Problem details:
All of the records that follow need to be copied word for word, without the pictures.

Data items
BEGIN

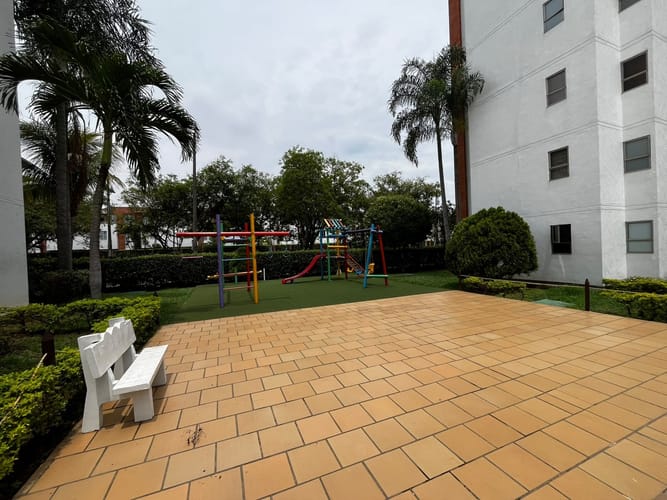 Apartamento de 3 alcobas en venta en Valle Del Lili, Cali, 98 m² · foto 19 de 22
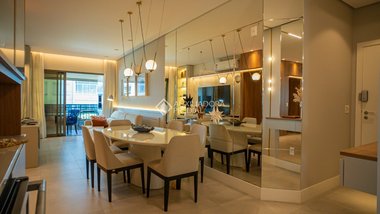 apartment em Rua Deputado Paulo Preis, Jurerê - Florianópolis - SC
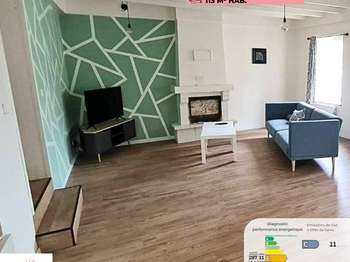 Vente maison 4 pièces Mouilleron-le-Captif 85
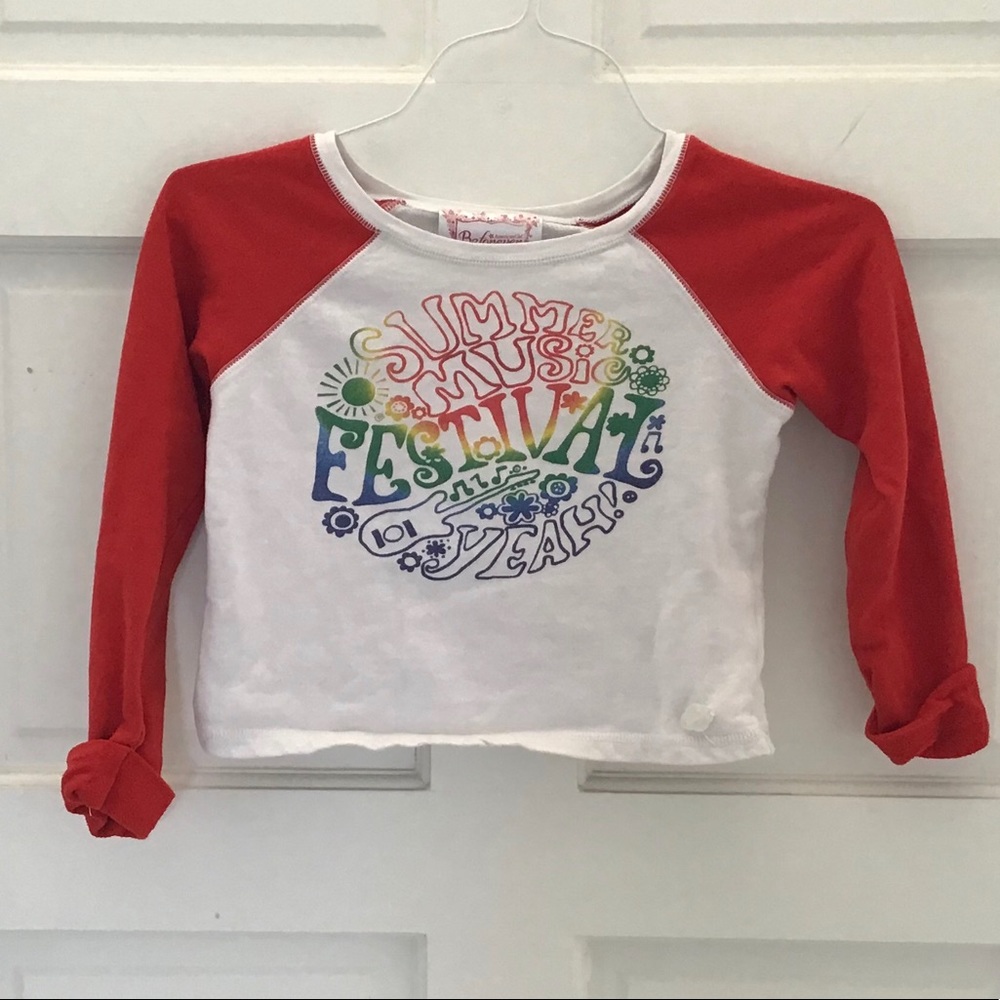 American Girl doll “Julie” top!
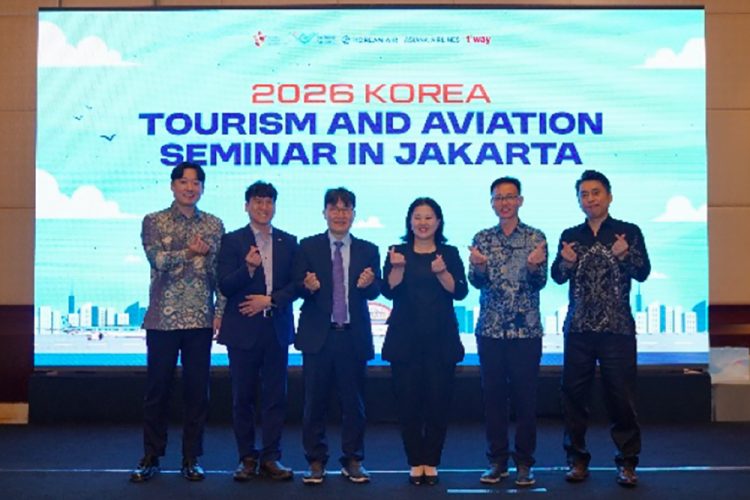 Perkuat Pariwisata RI-Korea, Rute Baru Jakarta-Incheon Jadi Sorotan Seminar KTO 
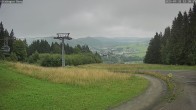 Archiv Foto Webcam Willingen: Ausblick Bergstation Ritzhagen 11:00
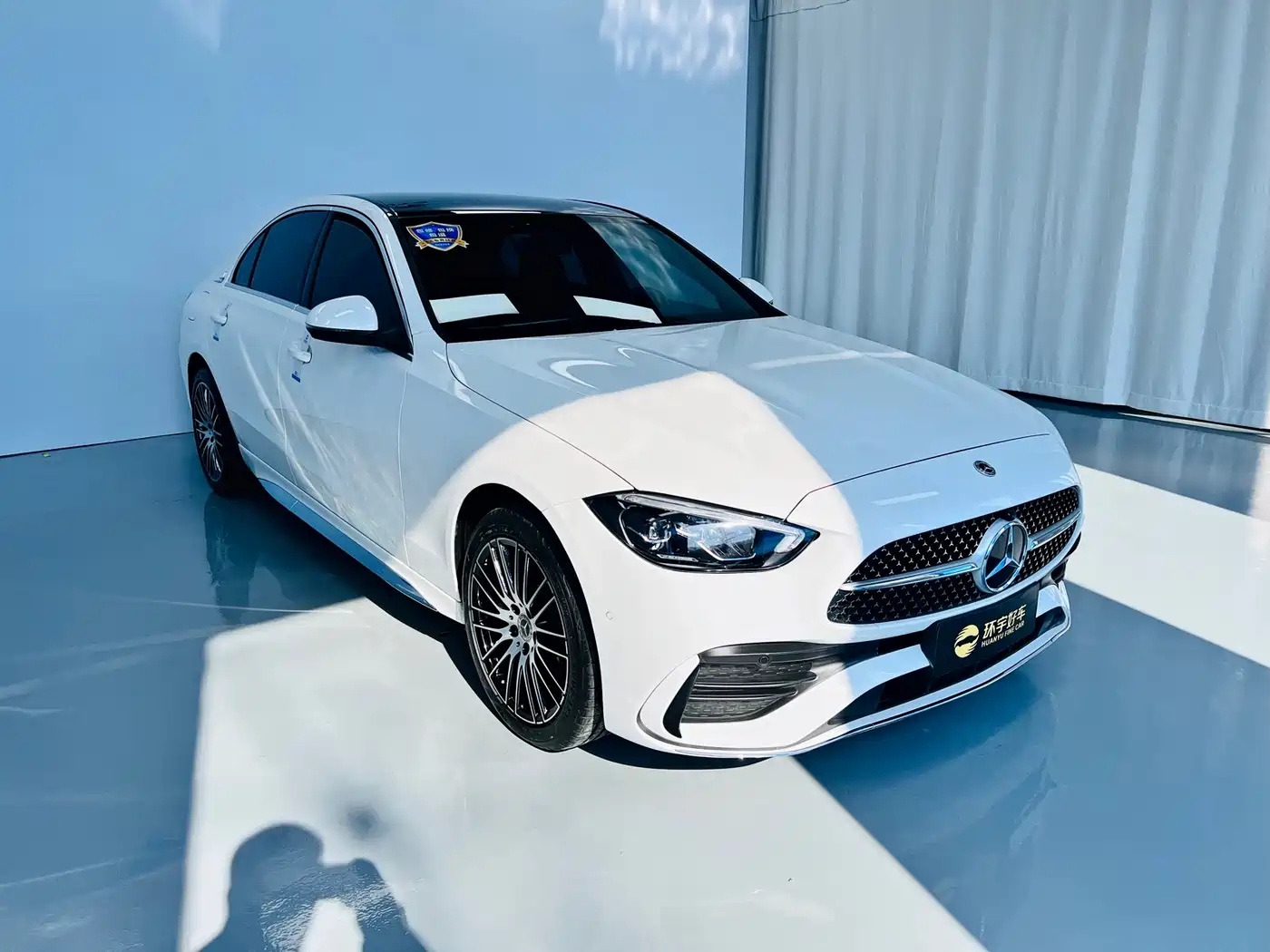 Mercedes-Benz C-Class 2025 Facelift C 260 L Sport Edition фото 3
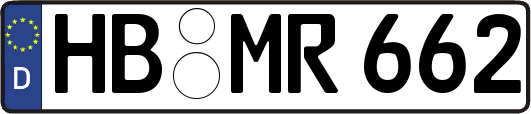 HB-MR662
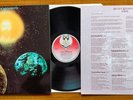 Delroy Washington  I-Sus  1976 Virgin LP + lyric insert  ex cond. plays great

END

Result for this task:
 Apartamento de 3 alcobas en venta en Valle Del Lili, Cali, 98 m² · foto 19 de 22
 apartment em Rua Deputado Paulo Preis, Jurerê - Florianópolis - SC
 Vente maison 4 pièces Mouilleron-le-Captif 85
 American Girl doll “Julie” top!
 Perkuat Pariwisata RI-Korea, Rute Baru Jakarta-Incheon Jadi Sorotan Seminar KTO 
 Archiv Foto Webcam Willingen: Ausblick Bergstation Ritzhagen 11:00
 Mercedes-Benz C-Class 2025 Facelift C 260 L Sport Edition фото 3
 HB-MR662
 Delroy Washington  I-Sus  1976 Virgin LP + lyric insert  ex cond. plays great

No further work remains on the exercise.